Preceding your racism by professing not to be doesn't change or excuse the fact that you are.
Perhaps it's because I'm in the unique position of being welcomed into people's homes; within their their walls, sitting in their living rooms, it is their word, they rule.
They are safe in their castle, and perhaps it is due to this that they are so veracious. They are away from the public eye, even though they are admitting these things to a total stranger, and worse, an immigrant, one of the very people they are talking about.
But for some reason I don't count as one. I stand in the middle, not English (perish the thought!) but not a threat, not a true immigrant in their perspective. I hover in the in-between, belonging nowhere.
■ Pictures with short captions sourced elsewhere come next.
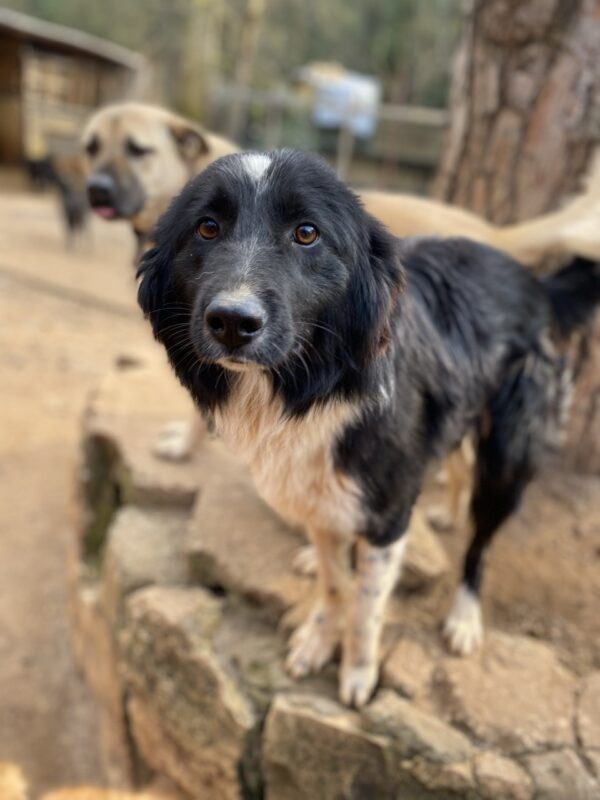 Deedee - Image 2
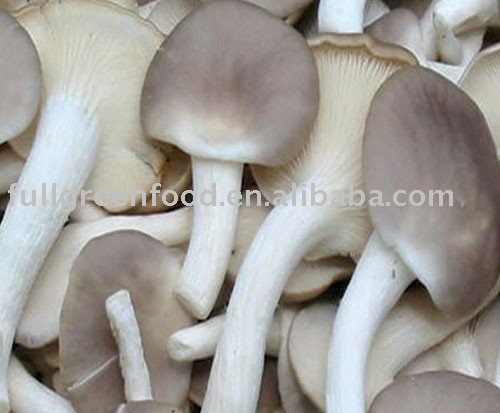Top Quality  Fresh   oyster   mushroom 
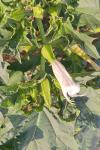 Datura stramonium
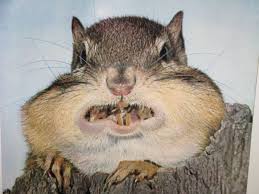 Image result for squirrel acorn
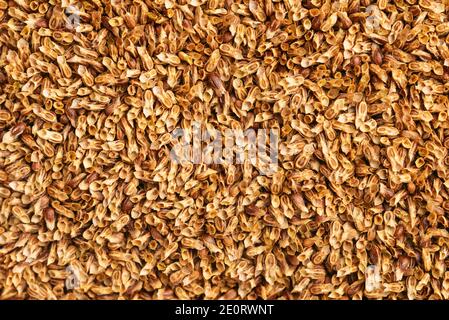 Seeds of Italian corn salad (Valerianella eriocarpa) Stock Photo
I speak English perfectly, my accent is fairly unobtrusive, I'm not from (and let's be honest, here is the real reason) the Middle East, and my skin doesn't mark me as different.
"I'm an immigrant here too" I point out, smiling awkwardly. "oh yes of course! But that's different." They say, laughing and brushing it away. Why? Because I'm educated? Because I'm white? Or because I'm not Muslim.
'Don't go to that area, it's full of immigrants now. Yes, but they take our jobs don't they! (but do they really?) Well, you have to worry about terrorism now don't you? Lucky we live away from the big cities, I wouldn't feel safe there anymore' (they cluck their tongues and shake their heads at the state of London nowadays)
It all comes back to this feeling, this righteousness tangible in its certainty - they really aren't racist, but... and then quite suddenly they are casual racists, even though they can't see it themselves.
These middle class, white people who profess to be so open-minded, so progressive, are in truth, anything but.
They are well-meaning, offering you cake and tea and smiling all the while, but their very perspective colors their actions, and in turn our society, subtly poisoning it against immigration, against change.
They are afraid, and when people are afraid they look for someone to hate.